Aim of the task: The answer should hold only the lines from the one containing "the odyssey" through the one containing "PROTESTAS EEUU |" in the entries below, copied exactly, without pictures.

Listed records:

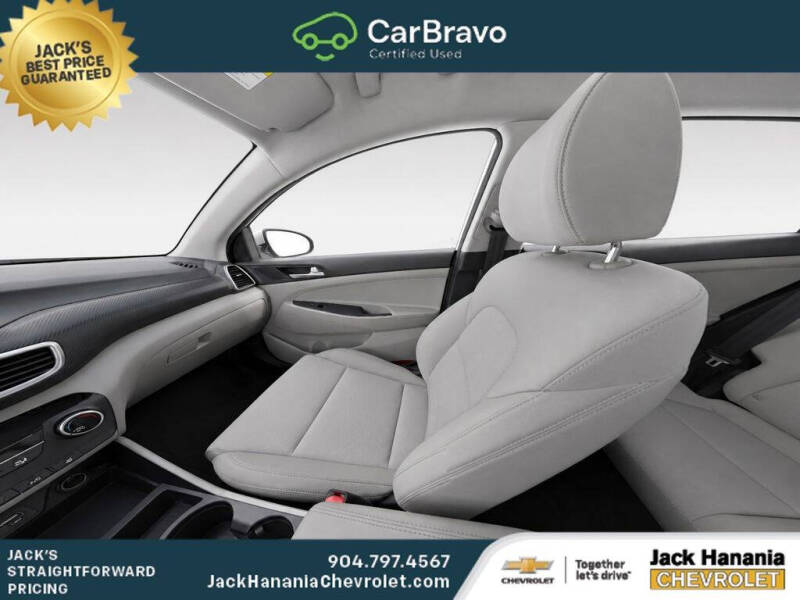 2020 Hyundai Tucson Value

...

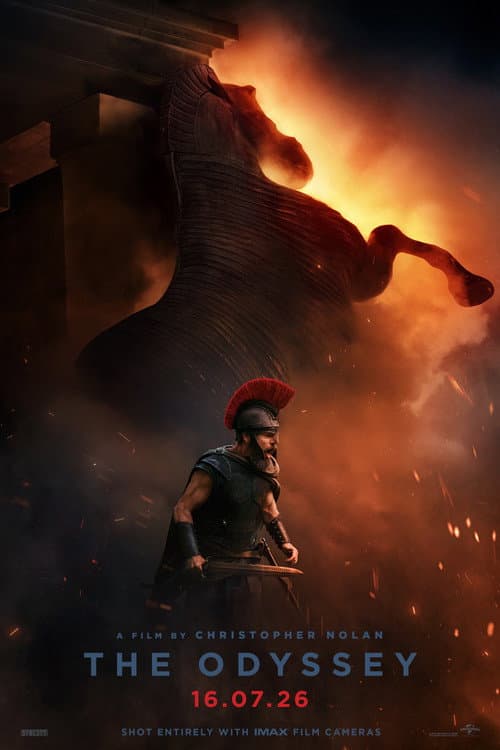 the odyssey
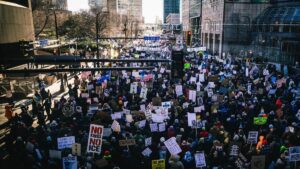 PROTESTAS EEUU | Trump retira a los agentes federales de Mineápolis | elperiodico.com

Solution:
 the odyssey
 PROTESTAS EEUU | Trump retira a los agentes federales de Mineápolis | elperiodico.com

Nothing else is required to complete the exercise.